[Exercise details] Pick each line containing the word "Card" out of the data below.

_____

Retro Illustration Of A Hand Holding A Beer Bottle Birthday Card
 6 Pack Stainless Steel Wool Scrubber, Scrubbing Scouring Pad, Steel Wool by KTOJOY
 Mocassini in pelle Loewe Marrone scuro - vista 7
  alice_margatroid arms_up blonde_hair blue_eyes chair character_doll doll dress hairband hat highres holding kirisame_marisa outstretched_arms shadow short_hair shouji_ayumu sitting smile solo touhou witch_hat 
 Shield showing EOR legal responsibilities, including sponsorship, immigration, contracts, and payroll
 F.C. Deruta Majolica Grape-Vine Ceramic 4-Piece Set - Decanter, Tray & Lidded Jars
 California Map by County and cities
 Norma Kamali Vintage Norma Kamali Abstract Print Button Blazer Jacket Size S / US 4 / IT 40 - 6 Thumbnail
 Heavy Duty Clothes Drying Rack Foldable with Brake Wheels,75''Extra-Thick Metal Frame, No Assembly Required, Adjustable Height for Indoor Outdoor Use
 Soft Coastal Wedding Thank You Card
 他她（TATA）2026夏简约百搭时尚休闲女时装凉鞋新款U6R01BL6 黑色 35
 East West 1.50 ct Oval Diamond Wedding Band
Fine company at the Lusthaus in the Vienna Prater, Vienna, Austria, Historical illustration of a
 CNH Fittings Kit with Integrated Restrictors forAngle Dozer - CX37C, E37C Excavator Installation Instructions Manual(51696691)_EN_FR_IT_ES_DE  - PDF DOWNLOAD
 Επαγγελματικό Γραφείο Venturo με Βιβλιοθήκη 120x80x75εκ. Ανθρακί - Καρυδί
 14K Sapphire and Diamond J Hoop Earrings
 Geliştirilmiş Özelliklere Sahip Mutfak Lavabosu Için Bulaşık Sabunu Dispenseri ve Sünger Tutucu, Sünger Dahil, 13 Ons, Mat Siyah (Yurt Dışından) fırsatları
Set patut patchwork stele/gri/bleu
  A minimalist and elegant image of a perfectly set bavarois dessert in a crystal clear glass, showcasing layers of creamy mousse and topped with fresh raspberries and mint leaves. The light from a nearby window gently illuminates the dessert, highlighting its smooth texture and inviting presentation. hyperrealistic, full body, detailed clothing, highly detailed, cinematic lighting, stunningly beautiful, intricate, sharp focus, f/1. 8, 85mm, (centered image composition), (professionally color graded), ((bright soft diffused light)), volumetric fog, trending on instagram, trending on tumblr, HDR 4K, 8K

_____

[Reply to the exercise]
Retro Illustration Of A Hand Holding A Beer Bottle Birthday Card
 Soft Coastal Wedding Thank You Card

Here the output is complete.